The company is responding to four forces reshaping business and society — climate change, the energy transition, circular economy principles and rapidly rising data utilisation and automation. “We think we know in what direction the industries we’re involved with are heading so we’re doing our best to stay ahead of that direction,” says Grill. “We’re singing to the choir. It’s what our people want to be doing and investors are putting pressure on also.”

In April 2019, Worley completed the US$3.2b acquisition of the energy, chemicals and resources division of Jacobs Engineering Group Inc, subsequently rebranding to Worley Ltd. For a company that has long grown as a serial acquirer, this was its biggest merger. The company now has more than 48,000 employees in 49 countries with 21,000 current projects.

Aside from its geographic market benefits, the deal made by Worley was an opex versus capex play. It increased revenue derived from customers’ operating expenditures (now around 45 per cent of total revenue), which tend to be less variable during industry downturn, while lowering its exposure to upstream and midstream oil and gas capital expenditure sectors (now around 20 per cent) and boosted its business in the less cyclical chemicals sector. Five years ago, the company made most of its money from working with big oil and gas companies.

It’s the culmination of a life’s work for Grill and a time of operational and organisational renewal for CEO Chris Ashton MAICD, who, in February 2020, succeeded CEO of seven years Andrew Wood.

Born in 1945, in the Sydney suburb of Bondi Junction, Grill started his career at Esso Australia before becoming CEO of engineering services firm Wholohan Grill and Partners in 1971. This company acquired US-based Worley Engineering in 1987, listed in 2002 and then acquired US services company Parsons E&C Corporation in 2004, becoming WorleyParsons.

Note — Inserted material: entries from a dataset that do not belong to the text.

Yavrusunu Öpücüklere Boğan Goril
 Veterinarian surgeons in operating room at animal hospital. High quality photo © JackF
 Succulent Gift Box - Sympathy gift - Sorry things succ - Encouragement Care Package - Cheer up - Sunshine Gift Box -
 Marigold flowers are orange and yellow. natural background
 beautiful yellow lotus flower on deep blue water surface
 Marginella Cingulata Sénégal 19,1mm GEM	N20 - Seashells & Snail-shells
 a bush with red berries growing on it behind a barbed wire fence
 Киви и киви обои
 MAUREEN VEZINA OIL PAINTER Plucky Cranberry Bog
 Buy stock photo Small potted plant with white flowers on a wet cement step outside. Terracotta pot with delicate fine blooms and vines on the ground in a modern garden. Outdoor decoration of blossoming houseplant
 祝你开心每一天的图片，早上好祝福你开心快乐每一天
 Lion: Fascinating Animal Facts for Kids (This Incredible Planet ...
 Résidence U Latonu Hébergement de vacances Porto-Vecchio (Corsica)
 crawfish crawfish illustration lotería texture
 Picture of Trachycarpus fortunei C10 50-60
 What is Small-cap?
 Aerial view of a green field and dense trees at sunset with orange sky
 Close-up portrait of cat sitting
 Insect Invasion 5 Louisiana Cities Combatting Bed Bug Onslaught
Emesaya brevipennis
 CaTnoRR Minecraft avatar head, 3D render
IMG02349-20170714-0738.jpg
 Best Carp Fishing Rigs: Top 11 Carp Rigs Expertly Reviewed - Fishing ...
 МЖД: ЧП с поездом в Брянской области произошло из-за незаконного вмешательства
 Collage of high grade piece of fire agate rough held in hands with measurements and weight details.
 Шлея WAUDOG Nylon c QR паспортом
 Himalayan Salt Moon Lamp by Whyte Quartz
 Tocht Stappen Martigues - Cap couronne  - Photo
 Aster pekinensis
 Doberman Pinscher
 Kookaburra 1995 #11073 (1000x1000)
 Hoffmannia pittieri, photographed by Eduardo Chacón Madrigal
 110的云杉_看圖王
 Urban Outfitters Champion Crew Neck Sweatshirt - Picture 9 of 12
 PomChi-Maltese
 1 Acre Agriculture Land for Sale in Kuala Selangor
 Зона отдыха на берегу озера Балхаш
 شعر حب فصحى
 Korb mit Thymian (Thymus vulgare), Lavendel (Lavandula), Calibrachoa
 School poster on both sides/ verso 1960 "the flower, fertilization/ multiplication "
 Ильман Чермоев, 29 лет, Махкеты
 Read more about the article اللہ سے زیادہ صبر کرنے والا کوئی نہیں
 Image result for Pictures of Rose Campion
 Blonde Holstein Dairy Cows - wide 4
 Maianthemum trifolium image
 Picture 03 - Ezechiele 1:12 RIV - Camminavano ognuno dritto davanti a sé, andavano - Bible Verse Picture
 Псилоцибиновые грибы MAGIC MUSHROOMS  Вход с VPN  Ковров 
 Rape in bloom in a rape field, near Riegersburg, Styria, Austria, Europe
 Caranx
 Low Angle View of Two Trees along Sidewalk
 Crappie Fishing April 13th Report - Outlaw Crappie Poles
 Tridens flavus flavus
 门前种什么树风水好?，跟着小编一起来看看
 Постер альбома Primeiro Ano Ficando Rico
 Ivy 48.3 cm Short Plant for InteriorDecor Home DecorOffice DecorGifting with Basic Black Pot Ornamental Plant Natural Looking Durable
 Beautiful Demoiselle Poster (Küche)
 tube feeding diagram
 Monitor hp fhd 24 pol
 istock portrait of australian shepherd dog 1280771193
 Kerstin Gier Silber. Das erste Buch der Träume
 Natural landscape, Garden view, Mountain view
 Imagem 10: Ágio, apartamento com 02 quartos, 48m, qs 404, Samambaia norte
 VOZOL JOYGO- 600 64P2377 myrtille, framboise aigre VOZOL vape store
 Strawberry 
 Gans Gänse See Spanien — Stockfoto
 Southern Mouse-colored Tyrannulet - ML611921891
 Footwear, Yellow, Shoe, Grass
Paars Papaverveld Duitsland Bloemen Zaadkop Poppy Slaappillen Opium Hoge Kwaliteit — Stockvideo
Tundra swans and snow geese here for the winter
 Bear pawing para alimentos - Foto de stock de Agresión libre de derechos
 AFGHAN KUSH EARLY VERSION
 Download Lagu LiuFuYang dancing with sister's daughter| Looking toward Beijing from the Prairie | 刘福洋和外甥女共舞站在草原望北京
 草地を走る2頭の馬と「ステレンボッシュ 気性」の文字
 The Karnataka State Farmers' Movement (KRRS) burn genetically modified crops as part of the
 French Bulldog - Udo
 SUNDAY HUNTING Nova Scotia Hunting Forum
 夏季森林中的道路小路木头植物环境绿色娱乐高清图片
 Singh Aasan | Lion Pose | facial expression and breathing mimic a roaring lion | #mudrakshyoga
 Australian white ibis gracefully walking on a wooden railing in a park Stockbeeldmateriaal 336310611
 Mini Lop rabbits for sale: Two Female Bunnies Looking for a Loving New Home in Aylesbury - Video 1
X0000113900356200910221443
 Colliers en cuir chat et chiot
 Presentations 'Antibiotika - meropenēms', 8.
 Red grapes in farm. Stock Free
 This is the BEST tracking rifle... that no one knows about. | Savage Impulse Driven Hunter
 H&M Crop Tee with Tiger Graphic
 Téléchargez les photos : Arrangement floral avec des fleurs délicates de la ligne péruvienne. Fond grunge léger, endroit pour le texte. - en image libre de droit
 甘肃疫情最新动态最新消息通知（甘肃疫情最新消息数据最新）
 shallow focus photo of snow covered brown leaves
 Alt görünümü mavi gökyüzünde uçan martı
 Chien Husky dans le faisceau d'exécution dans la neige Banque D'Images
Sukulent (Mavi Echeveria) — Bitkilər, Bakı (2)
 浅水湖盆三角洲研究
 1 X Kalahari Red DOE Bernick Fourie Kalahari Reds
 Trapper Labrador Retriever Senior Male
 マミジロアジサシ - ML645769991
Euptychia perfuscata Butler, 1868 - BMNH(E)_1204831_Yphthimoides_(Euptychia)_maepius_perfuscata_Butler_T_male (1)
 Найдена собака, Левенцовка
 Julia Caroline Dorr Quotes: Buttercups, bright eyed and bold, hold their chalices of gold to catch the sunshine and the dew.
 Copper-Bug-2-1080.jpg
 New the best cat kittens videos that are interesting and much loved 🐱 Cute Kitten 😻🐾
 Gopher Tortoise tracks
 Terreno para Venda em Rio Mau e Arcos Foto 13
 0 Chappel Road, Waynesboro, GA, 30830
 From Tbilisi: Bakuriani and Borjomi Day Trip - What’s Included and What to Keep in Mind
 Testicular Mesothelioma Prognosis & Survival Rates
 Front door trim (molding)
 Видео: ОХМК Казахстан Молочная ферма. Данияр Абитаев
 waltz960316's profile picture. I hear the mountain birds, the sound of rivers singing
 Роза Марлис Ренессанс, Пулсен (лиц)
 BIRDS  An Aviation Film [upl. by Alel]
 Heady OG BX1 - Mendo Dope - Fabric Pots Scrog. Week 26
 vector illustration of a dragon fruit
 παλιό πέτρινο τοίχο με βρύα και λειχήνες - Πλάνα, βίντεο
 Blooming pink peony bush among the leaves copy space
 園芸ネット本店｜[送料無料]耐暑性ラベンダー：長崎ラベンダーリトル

Ashton joined Parsons E&C in 1998, which was acquired by WorleyParsons in 2004. He grew up in the northern English city of Sunderland and left school at 16. “My background is not linear,” he reflects. Ashton worked his way from shipyard to a degree in electrical and electronics engineering. Later, he studied an MBA at Cranfield School of Management and in the executive management program at Harvard Business School.

Temperamentally, chair and CEO are very different. Grill is a classic under-the-radar person of few words. Ashton, who has been working from his home in Houston, is more outgoing. He loves a chat and is passionate about leadership.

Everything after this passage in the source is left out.